Надо сказать, что в городе довольно быстро начали звучать открытые призывы к погрому. Начали произноситься даты, на которые хорошо бы это торжественное мероприятие назначить. Но и здесь киевская полиция, опять-таки ей, так сказать, респект и уважуха, проявила себя достаточно жёстко, и наиболее активным и заполошным было объявлено, что даже не начинайте, даже не думайте. Мы такое развитие событий рассматриваем, и будьте благонадёжны, всё будет пресечено в самом начале с максимальной жёсткостью. Погром в результате таки и не произошёл, хотя были пышные похороны, на этих похоронах произносились погромные речи, но дальше этих погромных речей дело не пошло. И вполне возможно, что полиция, если бы ей дали спокойно работать, в конечном итоге продолжала бы рассматривать версии, связанные — ну с таким, обычным, логичным, понятным, вменяемым мотивом.

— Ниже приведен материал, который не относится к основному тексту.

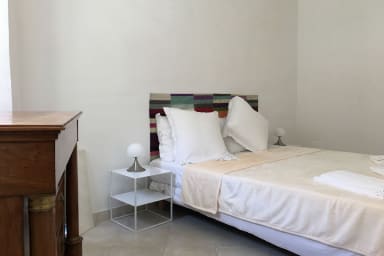 Chambre 1
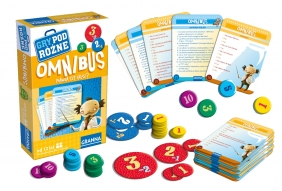 Omnibus (00213)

Разумеется, как это почти всегда делается, обратили внимание на семью мальчика. Семья была далёкая от благополучия, отца своего родного он не знал. Кстати, очень интересовался этим вопросом, но отец покинул семью, когда мальчик был ещё грудным совсем. Мама вторично вышла замуж. Отчим был человек работящий, он работал в переплётной мастерской, дома бывал только по выходным. Мальчиком практически не занимался, воспитывала его тётка, которую он любил, видимо, больше чем родную мать. И вот пошёл слух, причём слух пошёл среди соседей, что якобы его настоящий биологический отец, якобы он умер, а перед смертью усовестился. И откуда-то там возникшие у него большие деньги… Мы должны понимать, что когда слух рождается, дальше фантазию уже остановить практически невозможно.

С. БУНТМАН: Ну конечно!

А. КУЗНЕЦОВ: Появляются подробности, очевидцы, свидетели, кто-то чуть ли не эти деньги в руках держал.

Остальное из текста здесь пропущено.